Machine translation project with a practical approach, the project will incorporate an open source OCR engine so we can feed images in the source language(Chinese)
#1. Objectives
The objective was to implement a whole NLP workflow and create a model that could be potentially used "in the wild".
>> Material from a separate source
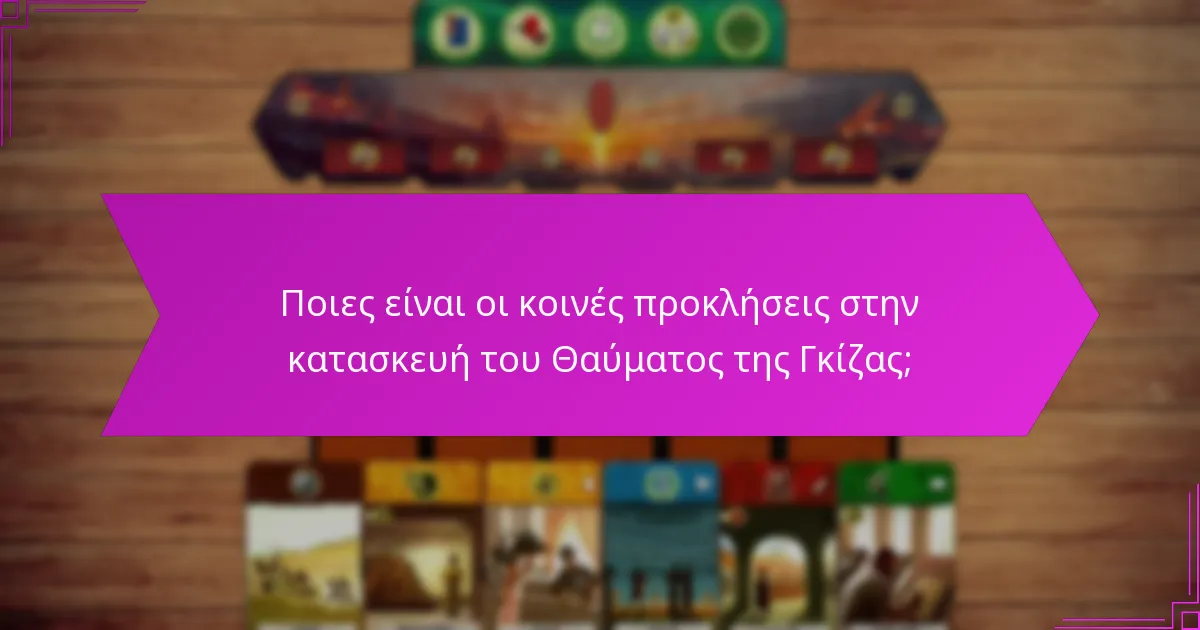Ποιες είναι οι κοινές προκλήσεις στην κατασκευή του Θαύματος της Γκίζας;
When I was just a newcomer to Beijing my biggest fear was to find something like this on my door:
So, as part of my Master´s final thesis, I though about creating a Deep Learning system that could help me to find out what was going on just by taking a picture (For the record, I ended up being able to read those myself, but the fear of the 通知 was still there).
#2. Process
I decided to go for a sequence2sequence model implemented in Tensorflow 2.0
The repository consist on 3 models, in increasing order of complexity
- Vanilla seq2seq
- Multilayer seq2seq
- Seq2seq with Attention (Bahdanau). The attention layer implementation comes from this Tensorflow tutorial
You will find a preprocessing script that is useful for preparing the data to feed into the model. The data comes from the sentence pairs of the Tatoeba project available here: Manythings
Preprocessing of Chinese text has some added difficulties, thats why I use Jieba to help with word-level tokenization and HanziConv to transform all the dataset into Traditional Chinese
Finally, the OCR (pretrained Tesseract) script is designed to put everything together, recover the pre-trained language model (note that I don't provide the weights as they are quite heavy, but I can send them over upon request), transform an image into a string and pre process it in such a way that the model can interpret it.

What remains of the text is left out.